Marketo Source Connector for Confluent Platform¶
Caution
Preview connectors aren’t currently supported, nor are they recommended for production use.
Marketo is a marketing automation platform used predominantly by marketers to
manage marketing campaigns and flows to potential customers and prospects. The
Kafka Connect Marketo Source connector copies data into Apache Kafka® from various
Marketo entities such as leads
, programs
, campaigns
,
staticLists
, and all activities entities like activities_add_to_nurture
,
activities_add_to_opportunity
, and more, using the Marketo REST API. You can find the list of
supported Marketo entities in Supported Entities.
Initialize the tasks.max
configuration parameter to the number of entities being
configured in the entity.names
property of the connector, treating all activity
types as a single entity.
Features¶
The Marketo Source connector includes the following features:
- At least once delivery
- Supports one task
- Quick turnaround
- Schema detection and evolution
- Automatic discovery of bulk export entities
- Real-time and historical lookup
- Automatic retries
- Error handling
- Throughput tuning
- Downloaded streaming of bulk export entities
At least once delivery¶
The connector guarantees no loss of messages from Marketo to Kafka. Messages may be reprocessed because of task failures, which may cause duplication.
Supports one task¶
The Marketo Source connector supports running only one task–one Marketo entity is covered by one task.
Quick turnaround¶
The Marketo Source connector ensures that data between your Marketo entities and
corresponding Kafka topics are synced quickly, with minimal lag. The poll
frequency on each entity has been specifically pre-configured within the
connector, based on the size of the table, adhering to the daily quota, rate and
concurrency limits as prescribed by Marketo.
Larger and more dynamic tables like activities
and leads
are pulled with
an appropriate delay of 5 minutes between consecutive pulls.

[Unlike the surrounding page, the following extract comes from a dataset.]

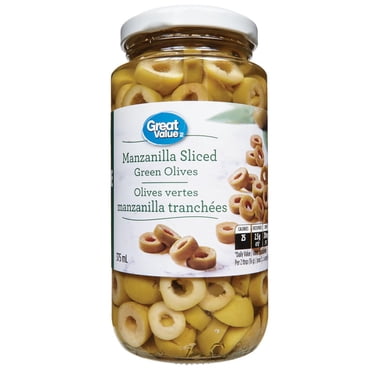 Great Value Manzanilla Sliced Green Olives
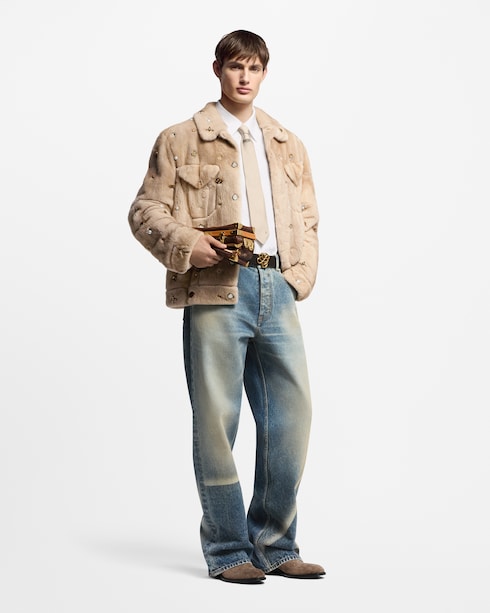 Monogram Jacquard Long-Sleeved Cotton Shirt in Men's Ready-to-Wear Shirts collections by Louis Vuitton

Mostly static
assets, which have infrequent updates, like campaigns
, programs
and
staticLists
are pulled with a delay of 30 seconds between consecutive
pulls.
Schema detection and evolution¶
The connector supports automatic schema detection and backward compatible schema
evolution for asset entities such as campaigns
, programs
and
staticLists
. For bulk export entities like leads
and activities
,
records are produced with CSV schema directly from column headers provided by
the export files.
Automatic discovery of bulk export entities¶
For leads
, the fields present in leads entities are automatically discovered
by the connector, and the user does not have to provide them explicitly as part
of connector configurations. For activities
entities, connector discovers
the activity type IDs of the activity types provided by the user. Here, activity
types are human-readable activity entity names, while activity type IDs are the
Marketo system-assigned numbers to different activity types.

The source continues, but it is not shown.